* What is needed *
Copy out exactly the lines below that run from the one holding "Boxe pentru calculator" to the one holding "ca: mi página de la ia de notion", keeping both of those lines and no others.

* Material for the task *
--------------------------------------------------

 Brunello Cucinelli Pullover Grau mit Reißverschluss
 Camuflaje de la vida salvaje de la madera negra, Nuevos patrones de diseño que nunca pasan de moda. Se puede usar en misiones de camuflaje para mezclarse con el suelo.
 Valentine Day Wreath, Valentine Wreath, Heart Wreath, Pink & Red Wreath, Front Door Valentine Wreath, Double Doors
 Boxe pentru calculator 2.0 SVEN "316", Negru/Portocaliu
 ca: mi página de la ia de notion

--------------------------------------------------

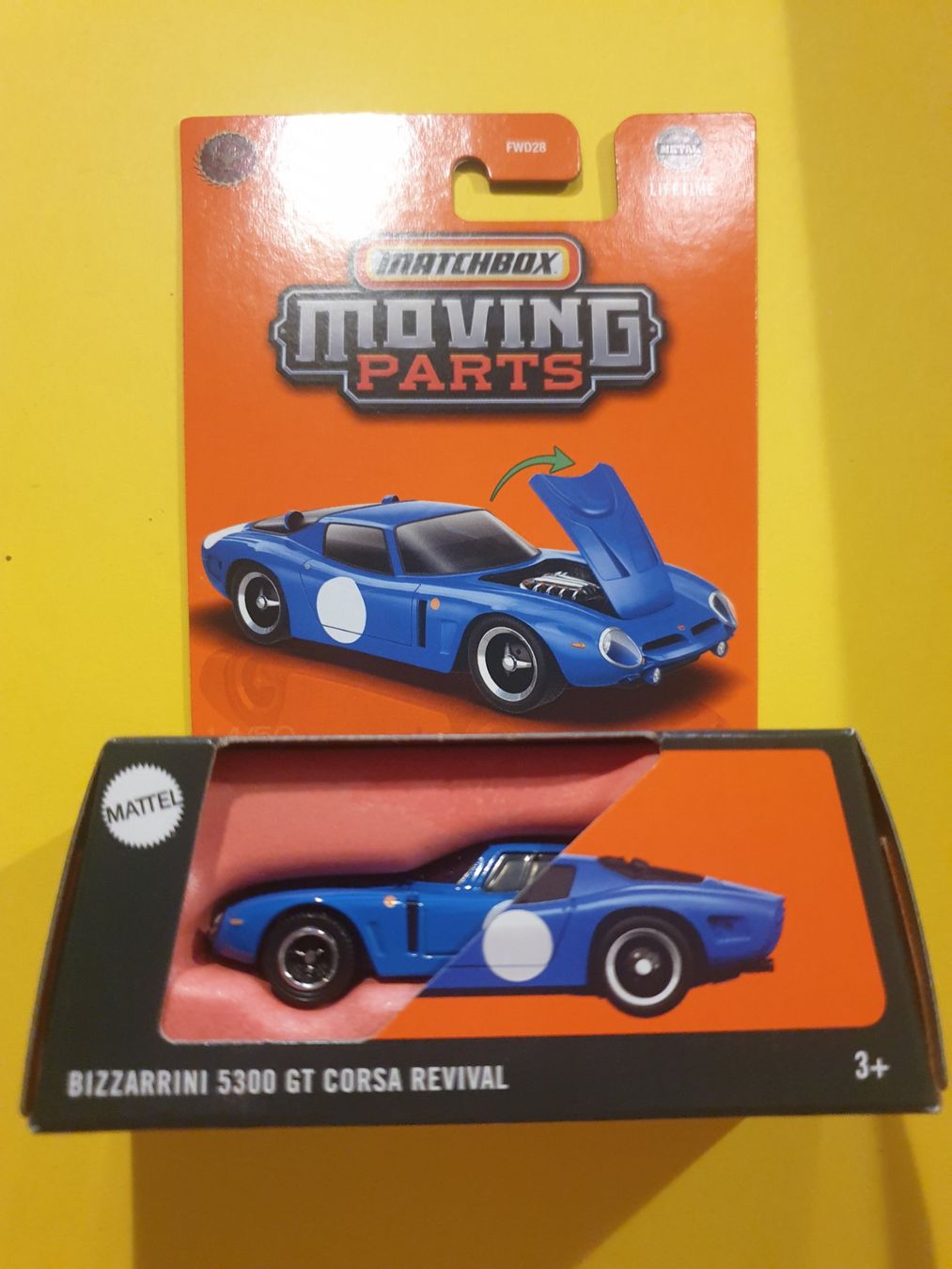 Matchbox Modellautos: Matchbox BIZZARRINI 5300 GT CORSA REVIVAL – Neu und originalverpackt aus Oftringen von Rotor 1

--------------------------------------------------

* Output *
 Boxe pentru calculator 2.0 SVEN "316", Negru/Portocaliu
 ca: mi página de la ia de notion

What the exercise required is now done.